Further incorrect practices followed as they pulped some cherries for us. Old, rotten fruit and floaters (which had been floated out days before) lay around the pulper. Fruit which is heavily infested with CBB lava should be disposed of quickly to prevent further infestation when the lava hatch and return to the farm. Local farmers lack the education to fix these problems — this relatively large farm with an abundance of fruit could be very successful. Instead, the CBB problem I witnessed has affected their ability to supply quality parchment, attract a specialty premium and thus produce the yield potential of a farm this size.

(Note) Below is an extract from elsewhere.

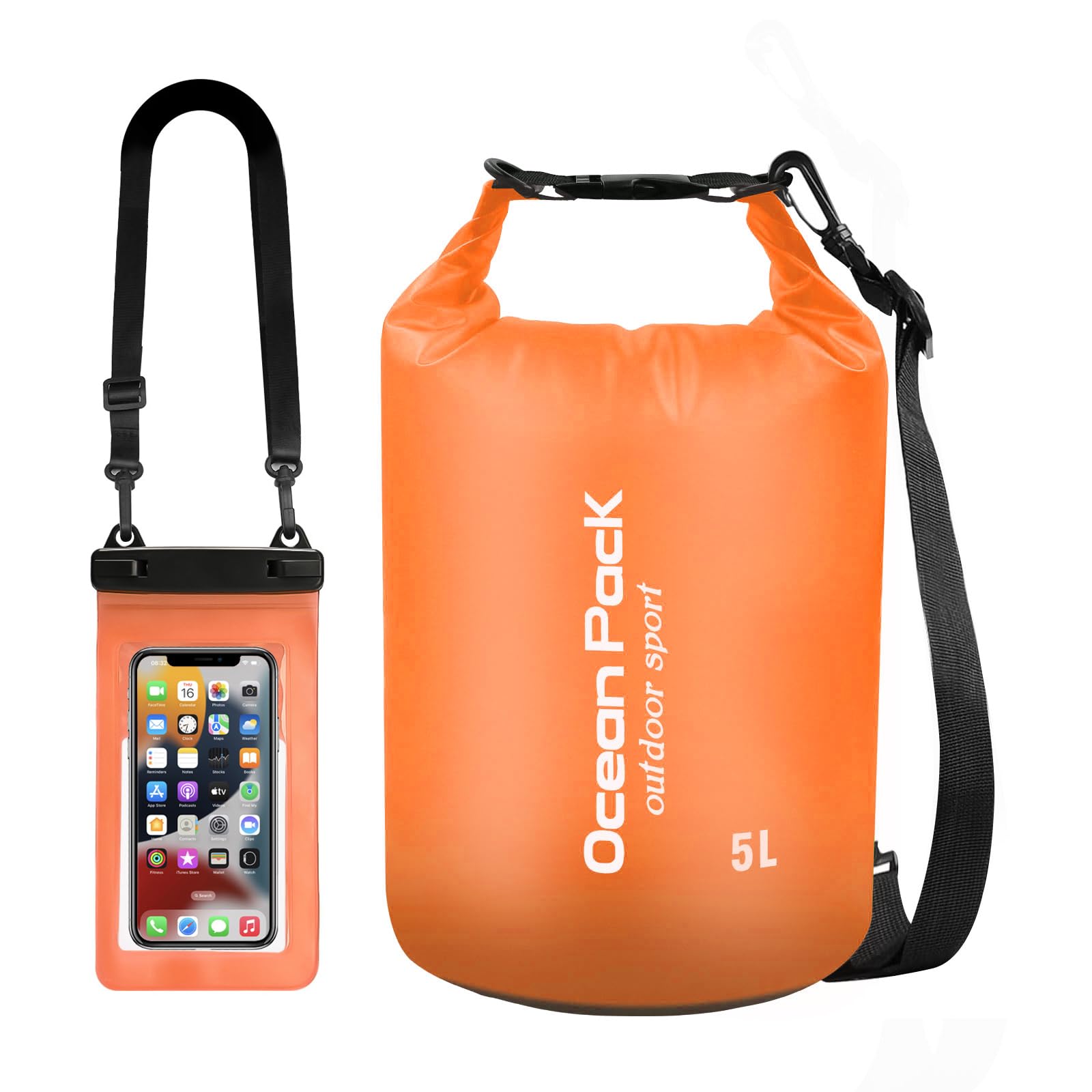 Yixinhe Premium Waterproof Bags, 5L Dry Bag with Waterproof Phone Pouch and Long Adjustable Shoulder Strap for Outdoor Activities and Water Sports, Travel, Camping, Hiking, Swimming, Boating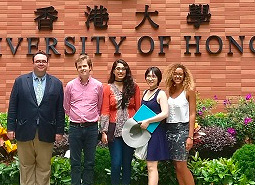 Historians in front of Hong Kong University sign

These issues cannot be addressed on a per farm basis, so any education must be regional and comprehensive. It only takes a handful of farms with bad practices to infect surrounding farms with pests and diseases like CBB and coffee rust. I believe the Simalungun supply chain is mature enough and comprehensive enough to make huge improvements under Desmond’s training programme. As Desmond spoke with this particular farmer, it was encouraging to see how eager he was to learn and implement change.

What I witnessed today has highlighted the need for a serious training programme in this region. The Simalungun mill will soon have the facilities to offer training to farmers on many levels, both at the mill and using a mobile training programme to reach outer regions. As the farmers become equipped with the tools for successful farming, the mentality will change from chasing cash crops to running successful farms which provide an adequate level of income to support sustainable farming — not solely for great coffee, but for the improvement of life in general.

The flow-on effect of this type of training will send ripples throughout co-operative members and achieve mutual benefits for farmers, exporters and Five Senses too.